A Gaeta mostra-omaggio a Sergio Leone con foto di scena e di set

Roma, 26 set. (askanews) - Nell'anno in cui ricorrono due importanti anniversari legati a Sergio Leone, 90 anni dalla nascita (il 3 gennaio 1929) e 30 anni dalla scomparsa (il 30 aprile 1989), l'ottava edizione di Visioni Corte International Short Film Festival, la rassegna creata da amanti del cinema e indirizzata a tutti gli autori e i registi di cortometraggi indipendenti (fino al 28 settembre) a Gaeta, ha dedicato un omaggio particolare al grande regista, autore di capolavori entrati nella storia del cinema come "Il buono, il brutto, il cattivo", "C era una volta il west" e "C era una volta in America".

Tra le iniziative per ricordarlo, anche la mostra fotografica "Sergio Leone. un romano che sognava l'America" allestita nell'ex ospedale dell'Ipab Santissima Annunziata, nel centro storico di Gaeta, in collaborazione con il Centro Sperimentale di Cinematografia e Cineteca Nazionale, con il supporto di Arcidiocesi di Gaeta, Ipab e le associazioni AnteOmnia e Tesori dell Arte.
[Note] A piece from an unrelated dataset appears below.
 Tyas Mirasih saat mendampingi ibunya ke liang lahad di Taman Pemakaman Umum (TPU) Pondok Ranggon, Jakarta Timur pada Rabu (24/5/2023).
Un percorso di 40 immagini provenienti dall Archivio fotografico della Cineteca Nazionale - Centro Sperimentale di Cinematografia con foto di scena e di set dei film più famosi. Il tutto accompagnato delle colonne sonore dei film di Leone, composte da Ennio Morricone. Durante il festival, anche la presentazione dell ultimo libro di Italo Moscati a lui dedicato: "Sergio Leone. Quando i fuorilegge diventano eroi". Sui film del grande regista Moscati ha detto: "Sono film in cui è importante la visione, il concetto di fare il film, non sono film che raccontano storie western, ma sono il racconto di momenti di libertà, un'idea di anarchia, e poi lo scontro tra coloro che nell'ambito delle violenze che capitavano al confinte tra Usa e Messico gli eroi diventavano i fuorilegge che non praticavano lo sterminio dei messicani".